LinkedIn: Make the best of it.
It’s clear, we are evolving; no longer do employers need to settle for the typical CV, they can now go online to view your digital imprint.
So why not make your LinkedIn profile the best they have ever seen?
Of course we recommend all those who have the not so professional Facebook and Twitter accounts to set them on private or to simply take down all unsavoury content. You don’t want a potential employer to stumble upon your last night out, where you may have had one too many or just got caught on camera being silly.
But what you absolutely want a potential employer to find is your LinkedIn account, the professional you. It’s simple, the layout is already provided, so you needn’t worry, it has a free package on offer, and the amount of content you can add is limitless. Which is all well and good, but you need to make sure that you use your LinkedIn profile properly.
You need to make its eye catching, draws them in, and makes them want to know more about you. Don’t bore them with content stuffers.
This is where we come in, we are here to help you make your LinkedIn profile shine brighter than anyone else’s.
So keep reading….. It gets better.
First off the most critical parts of your LinkedIn profile is the:
Headline: This is right beside your profile picture and states what you are currently doing or have most recently done in terms of employment.
This is where a potential employer will be looking for particular ‘keywords’ So don’t leave this blank, you can make your headline more attractive with Keywords that describe your skills and experience. Keep it short, keep it relevant.
Note: If you are applying for a job and have the job description why not find out exactly what they are looking for and paste it into an app called Wordle, which gives you the keywords of a particular text, then you can tweak your LinkedIn profile so that when they come looking your LinkedIn profile is ready and has what they want.
Summery: Here is your chance to sell your skills in 250 – 300 characters ( with spaces) you can write more, but the point is, you want to say little but reveal a lot. Here is where you tell them, what it is about you that they can’t go on without, that you would be an asset to their organisation, and that hiring you would be the best thing they ever did. You can say what you are looking for and what you can offer them – the employer
Experience: This is where it starts to look more CV like, in where you list off where you have worked and what you have done. But what you want to do is write it in such a way, with keywords, that grabs the employer’s eye, and makes them think; yes this is the one for me.
- Don’t say you developed your ‘’Computer skills’’
- Do say developed skills in Microsoft Office. This shows where and what computer skills you have developed.
Job Coconut Tips:
- Make sure your LinkedIn profile picture is professional. No employer wants to see a picture of you at the beach or on a night out. Preferably one with you dressed professionally, well groomed and clean shaven.
- Ask current/former employers or colleagues for an online reference and to endorse you. Employers will then see how other employers and colleagues have rated your performance.

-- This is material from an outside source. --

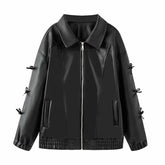 Women Bow Leather Street Niche Jacket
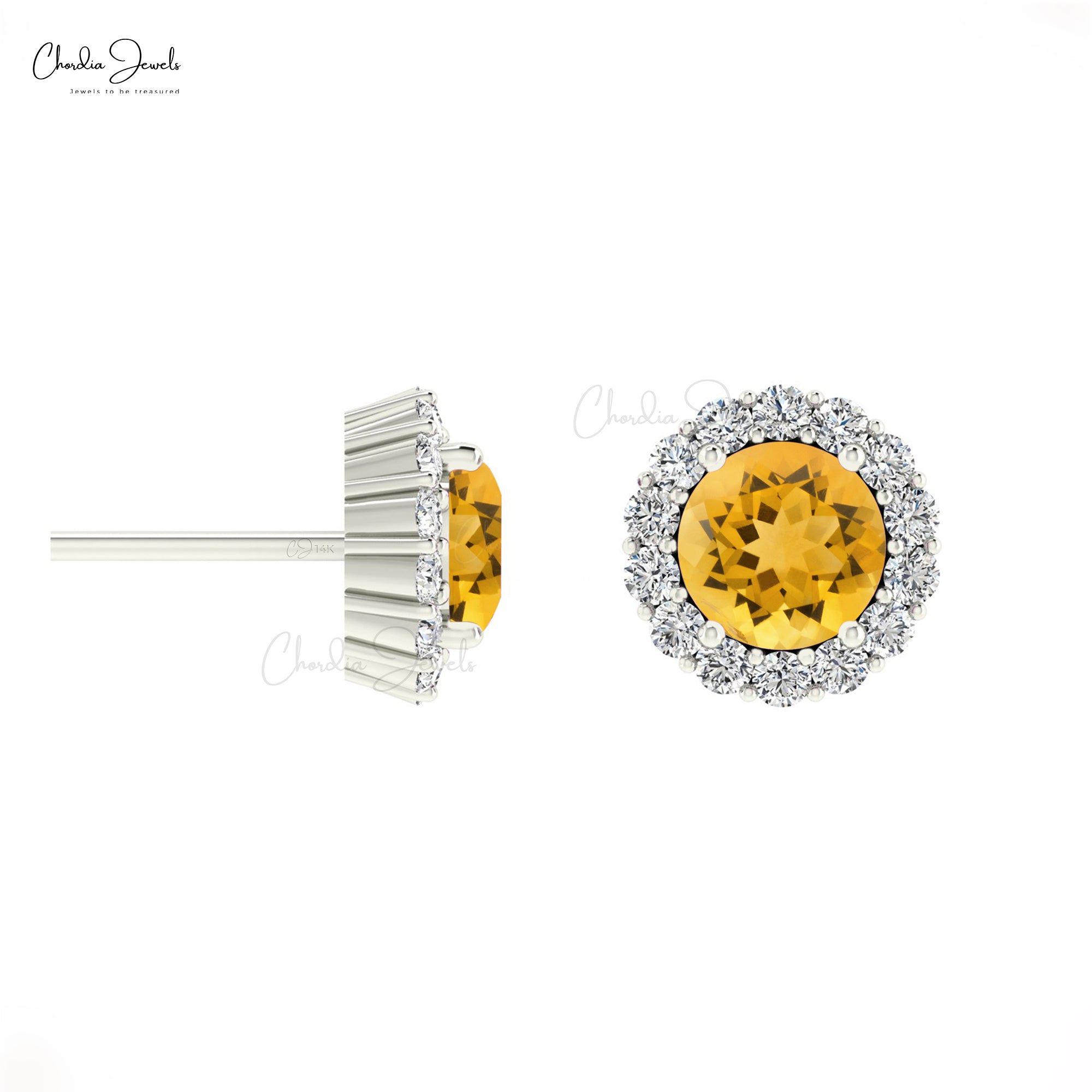 AAA Citrine Gemstone Halo Stud In 14k Real Gold Pave Diamond Hallmarked Wedding Earrings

- Have connections, as potential employers would find it odd if you are not connected to others. BUT make sure they are relevant connections; don’t just connect with anybody and everybody.
- We all know that images get a better response, because a picture says a thousand words, and catches people’s eye as they are scrolling, so perhaps think about embedding the odd picture in, not many perhaps 1 or 2 max.
- If you’re out of work, don’t just say you're ‘’unemployed’’ or Seeking new job opportunities’’, we recommend saying what industry you are interested in.
For example: '’Engineer currently seeking job opportunities’’
With this, the recruiter/employer see’s what industry you are qualified for and doesn’t have to crawl through your LinkedIn profile, slowly but surely losing interest.